To get an idea of how there are indeed two states within a state right now, to get to the Vanni (Tiger controlled areas north central in the country) there is a demarcation line where in order to get anything to the other side, you first have to get checked by the SLA and then 100 meters down the line, by the Tigers. So bringing in cement or sand for reconstruction means having to unload your entire truck (and this is Sri Lanka so it's not like this is in bags) first on the government side and then on the LTTE side. There is an ICRC (International Committee of the Red Cross) monitor who sits on the lines and just watches what is going on. There is lots more to say about the work of ICRC, but not in this post. Nothing happens in the Vanni without Tiger permission. There is no SLA there…there is no GoSL there. For a while, the tiny country of Sri Lanka had two time zones. This changed in April of this year where the rest of Sri Lanka went to Tiger time (also Indian time). This was not political. It had to do with electricity consumption and also the monks looking for karmic calm. You can read more about that here.

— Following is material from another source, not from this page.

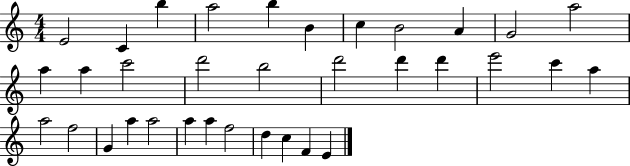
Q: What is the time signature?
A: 4/4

The second part of the BBC newspost on the time change is funny since resident bigwig literati man science fiction writer Arthur C Clarke decides it is inconvenient for him to now make international phone calls.

In his annual Hero's Day speech last year on November 27, 2005, 10 days after the National Election, Prabakharan talked about waiting to see how the struggle for Tamil independence would progress under the CFA and also that if things were not to the satisfaction to the LTTE, the new year would bring changes and they would intensify their struggle (the Tamil and Singhala New Years were on April 13th and 14th). It was not to his satisfaction. (surprise surprise…this megalomaniac has said time and time again, he will NOT stop till there is a Tamil Eelam). There had been a shadow war for a while there and over the past weeks we have come to a full on war. Neither side is well equipped but neither side will back down. Over a water dispute in Trincomalee (a once gorgeous harbour), we have moved to the holy grail of Sri Lanka, Jaffna. Everyone loves the Northern peninsula of Jaffna and everyone will keep bombing it till they get a piece of it. It has been under both SLA and LTTE control, one of the most cultured places in the world in its heyday and now a bombed out military spoil for whichever side is occupying it at that time. Right now, it happens to be the SLA.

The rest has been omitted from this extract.